*** INPUT RECORDS Section Begins ***

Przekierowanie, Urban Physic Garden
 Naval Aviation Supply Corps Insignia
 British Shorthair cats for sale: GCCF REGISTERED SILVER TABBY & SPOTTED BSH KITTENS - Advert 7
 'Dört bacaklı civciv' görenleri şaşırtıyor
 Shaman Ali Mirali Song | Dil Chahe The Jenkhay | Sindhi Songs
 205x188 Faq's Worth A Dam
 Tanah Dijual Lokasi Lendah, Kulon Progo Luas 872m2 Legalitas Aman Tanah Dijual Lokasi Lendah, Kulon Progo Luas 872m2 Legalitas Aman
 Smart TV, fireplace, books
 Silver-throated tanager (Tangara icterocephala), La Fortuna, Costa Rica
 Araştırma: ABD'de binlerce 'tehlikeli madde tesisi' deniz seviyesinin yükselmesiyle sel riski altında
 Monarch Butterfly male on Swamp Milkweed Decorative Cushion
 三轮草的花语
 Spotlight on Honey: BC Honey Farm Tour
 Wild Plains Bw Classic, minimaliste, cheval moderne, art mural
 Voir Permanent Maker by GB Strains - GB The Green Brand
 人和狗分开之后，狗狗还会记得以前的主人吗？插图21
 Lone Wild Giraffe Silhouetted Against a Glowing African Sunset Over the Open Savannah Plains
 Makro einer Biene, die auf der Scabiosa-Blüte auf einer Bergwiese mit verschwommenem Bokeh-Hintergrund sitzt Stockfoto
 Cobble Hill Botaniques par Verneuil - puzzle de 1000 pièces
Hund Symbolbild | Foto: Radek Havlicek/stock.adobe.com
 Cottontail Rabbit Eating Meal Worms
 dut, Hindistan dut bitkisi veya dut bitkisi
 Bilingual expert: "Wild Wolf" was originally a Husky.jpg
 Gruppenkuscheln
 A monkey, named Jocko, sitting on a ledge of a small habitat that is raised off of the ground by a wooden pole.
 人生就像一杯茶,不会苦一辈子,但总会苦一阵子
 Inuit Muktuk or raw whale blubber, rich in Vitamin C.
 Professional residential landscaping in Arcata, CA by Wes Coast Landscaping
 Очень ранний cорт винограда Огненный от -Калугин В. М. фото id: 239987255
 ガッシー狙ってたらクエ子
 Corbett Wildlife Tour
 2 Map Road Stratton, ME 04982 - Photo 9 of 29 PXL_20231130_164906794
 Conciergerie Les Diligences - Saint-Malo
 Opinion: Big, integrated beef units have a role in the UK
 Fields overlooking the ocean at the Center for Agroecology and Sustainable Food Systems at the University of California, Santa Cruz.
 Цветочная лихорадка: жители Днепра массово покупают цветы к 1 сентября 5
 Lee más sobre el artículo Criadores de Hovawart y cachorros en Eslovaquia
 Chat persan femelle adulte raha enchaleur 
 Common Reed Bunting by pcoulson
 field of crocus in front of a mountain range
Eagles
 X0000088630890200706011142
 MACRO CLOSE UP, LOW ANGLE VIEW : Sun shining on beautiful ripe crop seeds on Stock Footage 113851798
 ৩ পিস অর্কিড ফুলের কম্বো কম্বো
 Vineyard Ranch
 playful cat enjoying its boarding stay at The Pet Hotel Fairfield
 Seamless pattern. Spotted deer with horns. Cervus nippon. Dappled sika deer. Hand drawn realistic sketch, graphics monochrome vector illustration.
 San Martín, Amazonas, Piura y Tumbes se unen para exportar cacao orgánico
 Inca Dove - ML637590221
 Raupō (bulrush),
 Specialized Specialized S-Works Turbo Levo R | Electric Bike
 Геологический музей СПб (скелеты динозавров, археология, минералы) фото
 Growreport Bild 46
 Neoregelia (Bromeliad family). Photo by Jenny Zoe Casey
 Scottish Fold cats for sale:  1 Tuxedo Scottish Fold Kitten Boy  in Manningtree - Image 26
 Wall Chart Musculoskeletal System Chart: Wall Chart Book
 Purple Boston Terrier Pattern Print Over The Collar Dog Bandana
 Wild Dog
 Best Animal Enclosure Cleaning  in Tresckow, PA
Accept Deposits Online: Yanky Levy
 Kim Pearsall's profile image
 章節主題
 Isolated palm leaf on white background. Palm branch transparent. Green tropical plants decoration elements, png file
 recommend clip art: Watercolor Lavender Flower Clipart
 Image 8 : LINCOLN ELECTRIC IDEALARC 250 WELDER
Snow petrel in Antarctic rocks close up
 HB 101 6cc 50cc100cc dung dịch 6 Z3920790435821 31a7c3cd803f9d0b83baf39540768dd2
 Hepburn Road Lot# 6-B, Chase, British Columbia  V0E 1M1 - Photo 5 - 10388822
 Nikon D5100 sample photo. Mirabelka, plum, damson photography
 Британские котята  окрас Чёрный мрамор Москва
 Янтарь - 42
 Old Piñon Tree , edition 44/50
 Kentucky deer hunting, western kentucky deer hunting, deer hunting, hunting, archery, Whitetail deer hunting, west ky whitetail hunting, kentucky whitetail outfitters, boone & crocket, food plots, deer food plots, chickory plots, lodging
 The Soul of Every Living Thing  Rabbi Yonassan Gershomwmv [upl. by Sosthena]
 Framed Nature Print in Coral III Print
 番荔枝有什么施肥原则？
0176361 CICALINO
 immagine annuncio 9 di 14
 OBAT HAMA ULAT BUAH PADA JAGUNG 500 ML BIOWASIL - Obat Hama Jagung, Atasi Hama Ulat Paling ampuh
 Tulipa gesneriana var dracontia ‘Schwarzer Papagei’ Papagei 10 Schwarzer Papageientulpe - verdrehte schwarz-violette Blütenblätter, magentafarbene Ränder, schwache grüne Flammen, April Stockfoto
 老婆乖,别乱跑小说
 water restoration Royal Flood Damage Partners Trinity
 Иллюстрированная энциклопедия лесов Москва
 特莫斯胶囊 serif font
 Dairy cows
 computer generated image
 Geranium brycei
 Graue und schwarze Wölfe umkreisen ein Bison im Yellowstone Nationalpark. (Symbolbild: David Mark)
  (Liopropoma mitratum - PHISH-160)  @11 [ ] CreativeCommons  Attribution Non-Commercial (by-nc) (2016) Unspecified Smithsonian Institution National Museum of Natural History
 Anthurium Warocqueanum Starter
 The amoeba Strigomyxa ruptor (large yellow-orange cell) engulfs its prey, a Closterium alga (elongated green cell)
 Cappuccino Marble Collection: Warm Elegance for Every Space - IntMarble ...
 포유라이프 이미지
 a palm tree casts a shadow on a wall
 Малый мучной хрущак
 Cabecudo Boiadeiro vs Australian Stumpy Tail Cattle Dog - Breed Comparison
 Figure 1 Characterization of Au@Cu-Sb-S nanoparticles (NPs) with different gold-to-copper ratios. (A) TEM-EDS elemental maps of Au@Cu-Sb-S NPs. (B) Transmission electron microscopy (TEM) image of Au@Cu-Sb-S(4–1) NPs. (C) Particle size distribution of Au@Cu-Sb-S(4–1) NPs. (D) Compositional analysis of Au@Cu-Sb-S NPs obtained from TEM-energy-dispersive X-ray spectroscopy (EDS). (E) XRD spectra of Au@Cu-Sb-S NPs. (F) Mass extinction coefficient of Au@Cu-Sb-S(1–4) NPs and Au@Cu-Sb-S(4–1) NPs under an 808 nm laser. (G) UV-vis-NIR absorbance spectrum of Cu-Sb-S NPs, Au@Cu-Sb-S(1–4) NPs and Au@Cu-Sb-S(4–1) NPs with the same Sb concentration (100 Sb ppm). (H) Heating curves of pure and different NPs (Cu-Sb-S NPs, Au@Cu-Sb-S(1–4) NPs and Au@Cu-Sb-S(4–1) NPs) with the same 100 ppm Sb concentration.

*** INPUT RECORDS Section Ends ***

### ABOUT THIS EXERCISE
Give back exactly the lines above starting at the line where "X0000088630890200706011142" appears and ending at the line where "Wall Chart Musculoskeletal" appears, both included, with no other lines.

### RESPONSE TO THIS TASK
 X0000088630890200706011142
 MACRO CLOSE UP, LOW ANGLE VIEW : Sun shining on beautiful ripe crop seeds on Stock Footage 113851798
 ৩ পিস অর্কিড ফুলের কম্বো কম্বো
 Vineyard Ranch
 playful cat enjoying its boarding stay at The Pet Hotel Fairfield
 Seamless pattern. Spotted deer with horns. Cervus nippon. Dappled sika deer. Hand drawn realistic sketch, graphics monochrome vector illustration.
 San Martín, Amazonas, Piura y Tumbes se unen para exportar cacao orgánico
 Inca Dove - ML637590221
 Raupō (bulrush),
 Specialized Specialized S-Works Turbo Levo R | Electric Bike
 Геологический музей СПб (скелеты динозавров, археология, минералы) фото
 Growreport Bild 46
 Neoregelia (Bromeliad family). Photo by Jenny Zoe Casey
 Scottish Fold cats for sale:  1 Tuxedo Scottish Fold Kitten Boy  in Manningtree - Image 26
 Wall Chart Musculoskeletal System Chart: Wall Chart Book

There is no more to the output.